Indeed.  Though I'm not very certain to change this one too, since I'm
not sure whether that pr_warn is really intended:

        if (cpumask_test_and_set_cpu(cpu, &backtrace_csd_busy)) {
                pr_warn("Unable to send backtrace IPI to CPU%u - perhaps it hung?\n",
                        cpu);
                continue;
        }

I mean, that should depend on if it can really hang somehow (or it's
the same issue as what we're trying to fix)...  If it won't hang, then
it should be safe I think, and this pr_warn could be helpless after all.

> 
> > > > *** arch/x86/kernel/cpuid.c:
> > > > cpuid_read[85]                 err = smp_call_function_single_async(cpu, &csd);
> > > > *** arch/x86/lib/msr-smp.c:
> > > > rdmsr_safe_on_cpu[182]         err = smp_call_function_single_async(cpu, &csd);
> > > 
> > > These two have csd on stack and wait with a completion. seems fine.
> > 
> > Yeh this is true, then I'm confused why they don't use the sync()
> > helpers..
> 
> I suspect to be nice for virt.

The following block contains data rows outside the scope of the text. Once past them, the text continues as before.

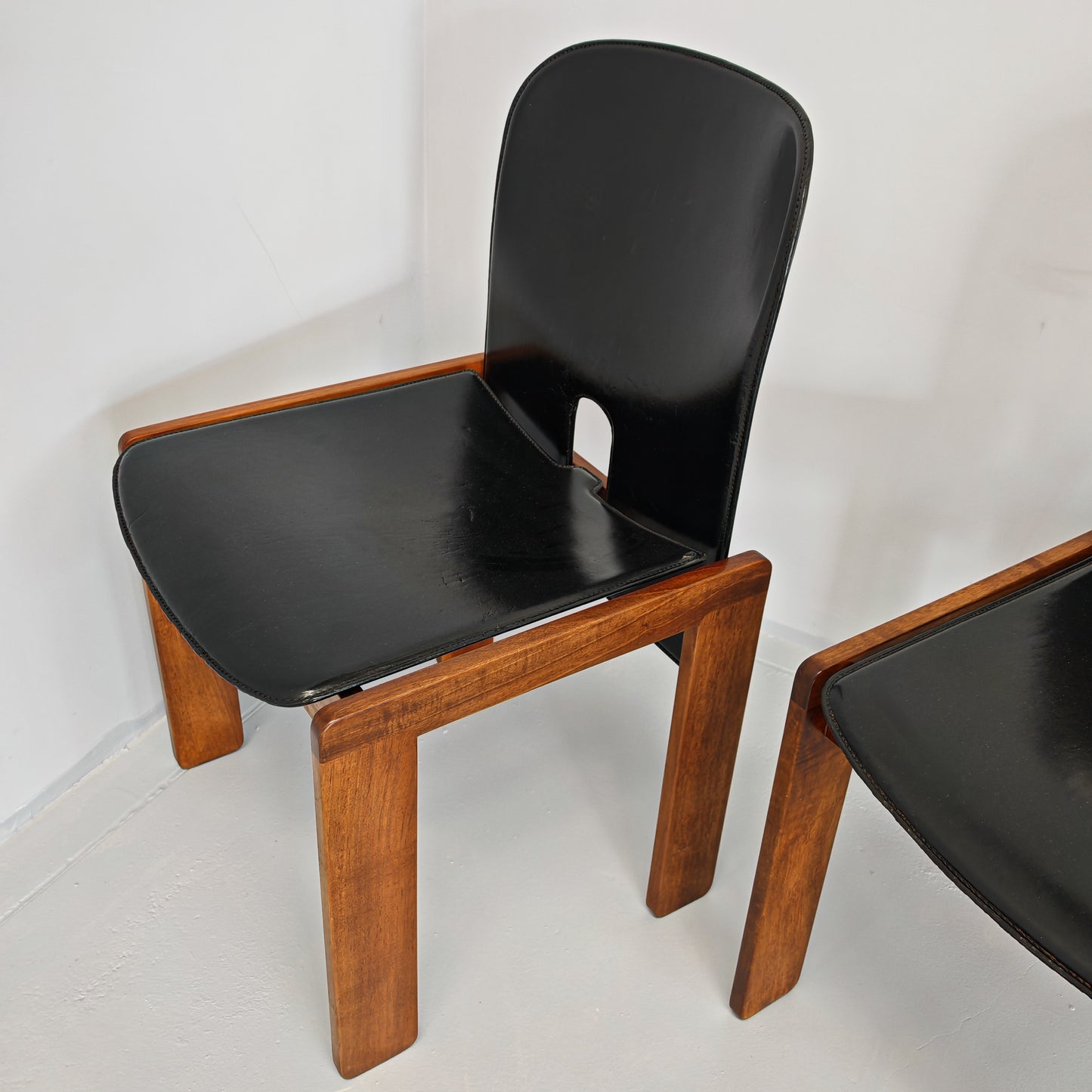 Set di 6 sedie in cuoio e legno di noce modello 121, Afra e Tobia Scarpa per Cassina anni 60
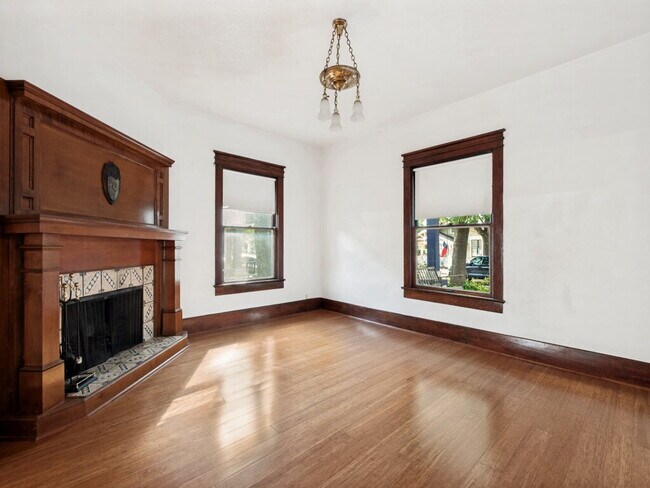 Foto del edificio - "Charming 4-Bedroom Home with 2 Full Baths in Vibrant Dallas Neighborhood!"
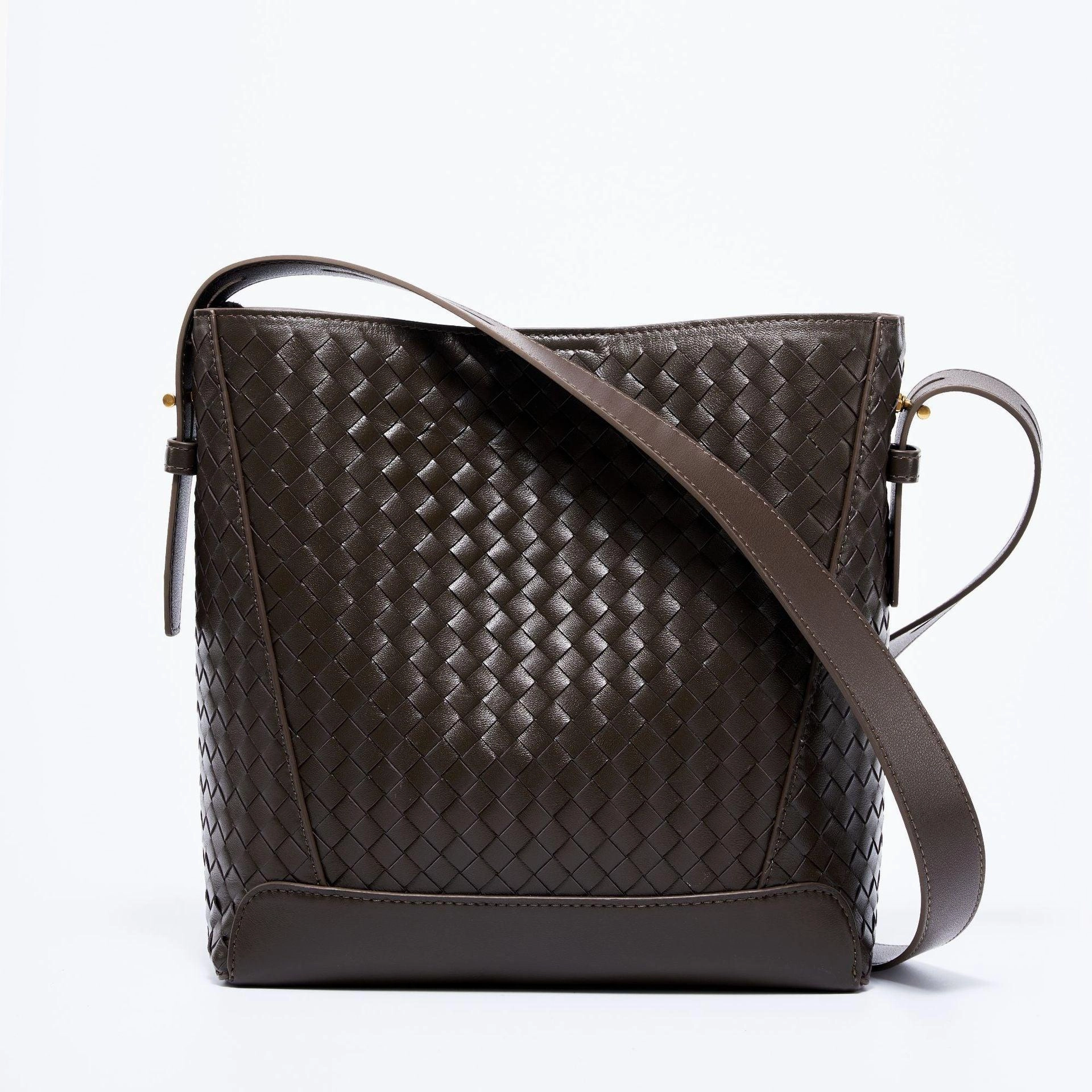 Lambskin Leather Handwoven Bucket Bag | Classic Bucket Shoulder Bag Light Functional Accessory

Both CPUID and MSR accesses can trap. but
> now I'm confused, because it is mostly WRMSR that traps.
> 
> Anyway, see the commit here: 07cde313b2d2 ("x86/msr: Allow rdmsr_safe_on_cpu() to schedule")

Yes that makes sense.  Thanks for the pointer.

However, then my next confusion is why they can't provide a common
solution to the smp code again... I feel like it could be even easier
(please see below).  I'm not very familiar with smp code yet, but if
it works it should benefit all callers imho.

diff --git a/kernel/smp.c b/kernel/smp.c
index dd31e8228218..7a1b163d1e4b 100644
--- a/kernel/smp.c
+++ b/kernel/smp.c
@@ -307,11 +307,12 @@ int smp_call_function_single(int cpu, smp_call_func_t func, void *info,
 
        err = generic_exec_single(cpu, csd, func, info);
 
+       put_cpu();
+
+       /* If wait, csd is on stack so it's safe without get_cpu() */
        if (wait)
                csd_lock_wait(csd);
 
-       put_cpu();
-
        return err;
 }
 EXPORT_SYMBOL(smp_call_function_single);

Thanks,

-- 
Peter Xu